Only once in all the years I lived in Maine and northern New England was there a perfect skating winter. The long lakes left by the glaciers freeze every year. The ice is fine for snowmobiles and ice fisherman and guys eager, after a 6-pack or two, to practice their stunt driver moves. But not for skaters. By the time the ice is thick enough the snows have come and the wind has made a patchwork of drifts and clear patches. Warmer days have left slush to freeze again into jagged ridges and valleys. Skating over that slop rattles your teeth and bones. Nothing graceful about navigating that terrain. Tooth jarring at best and flailing for balance the rest of the time.
That winter I lived in Southwest Harbor out on Mt. Desert Island and worked as a stern-man for Dickie abroad the Deborah Jayne, fishing offshore for lobsters. We only went out once a week if the weather was right and he’d call before 3 in the morning to let me know. The rest of the time was as open and empty as the holiday towns on the island.
It was clear and dry and cold well into January and not a flake of snow on the ground. The lakes froze clear and hard and smooth, right end to end.
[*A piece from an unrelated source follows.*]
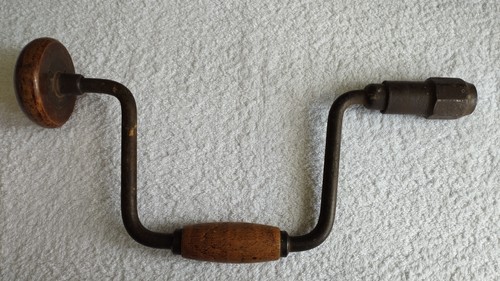 Ancien outil perceuse main - outil,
Long Lake was just a short drive out of town. My old truck wasn’t good for much besides driving to the wharf and back. Back then, the western side of Mt. Desert Island was basically a nation unto itself. A backside wagon didn’t need to bother with legal or official technicalities. Besides I was driving at 3 in the morning and home again in the dark so slim chance of being busted. But the lure of clear black ice on the lakes made the drive to Ike’s Landing there on Long Lake too much to resist. I left in the late afternoons figuring with dusk falling and enough strategically placed mud I could slip past any paroling deputies.
That day, I was the only vehicle in the little gravel lot so I parked right at the edge of the ice and changed into my old, beat-up, Bauer hockey skates and took off. Long Lake lies between long, rugged granite ridges. It isn’t named Long Lake for nothing and with several miles of open ice and the ridges funneling the air on either side, the wind blows clear from end to end.
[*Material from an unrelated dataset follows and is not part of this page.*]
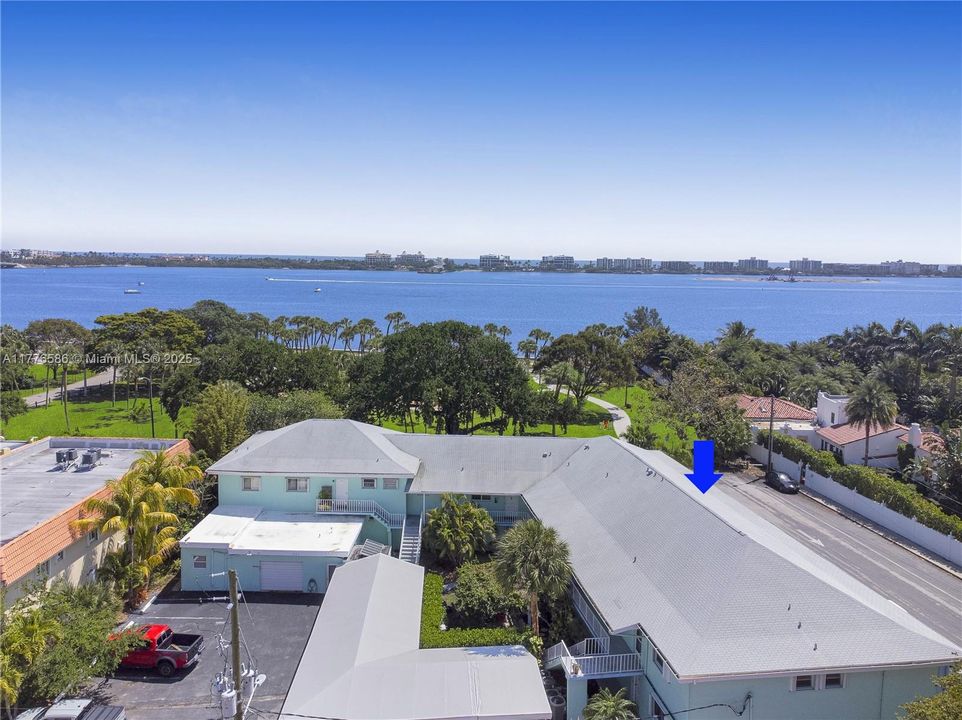 待售: $299,000 (2 贝兹, 2 浴室, 1095 平方英尺)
I flew. Suspended on the layer of ice with the dark water below me and the sky trending towards sunset above me, I flew down the very center of the lake with the wind at my back.
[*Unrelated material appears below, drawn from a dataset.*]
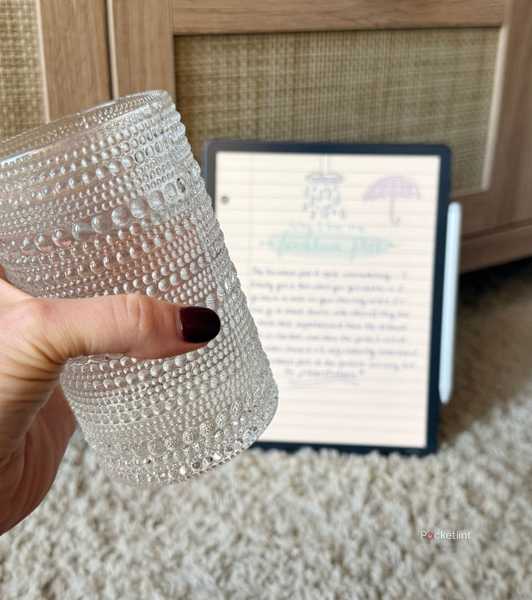 kindle-scribe-colorsoft-pretty-cup-1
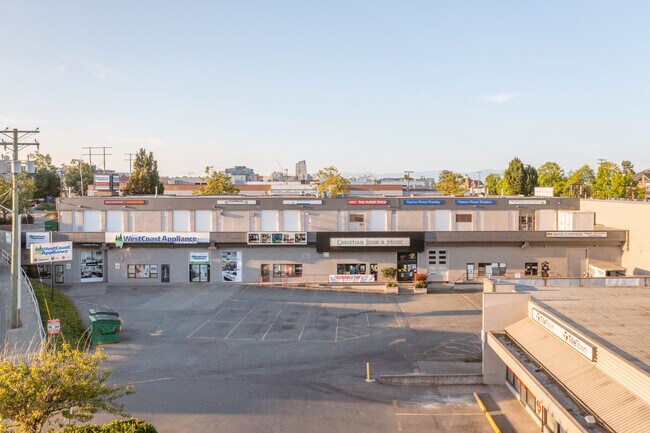 Plus de détails pour 3090 Nanaimo St, Victoria, BC - Commerce de détail à louer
I was about halfway down the lake when it happened.
I looked down.
And holy shit the ice was thin.
I saw the water flowing beneath me, watched small twigs twist and turn.
Saw a pointed maple leaf still bright red and yellow press up against the ice from below.
Heard the ring of my blades against the ice echo from the sheer and brooding cliffs above.
And just like that I was past it and the ice was dark and opaque and I could measure its comforting thickness.
It was well past dark by the time I got back to the truck. Skating home against the wind was slow going but I didn’t mind. The night was clear, the ice was smooth, the stars bright, and I kept as close to the shore as I could without having to dodge around the rocks that poked through.
A couple of days later it snowed, then turned to rain, then froze hard again. The lakes were a mess of ridges and holes and dips and just like that the skating season was over.
I tell this story to the kids often. I let them think of it, the night, the ice, the truck alone in the parking lot, the long dark water of the lake alive beneath me.
I can see them shiver and look down as if they almost expect the ground to open beneath them.
I don’t tell them about the strange weightless feeling or how I still wonder who held me up that night.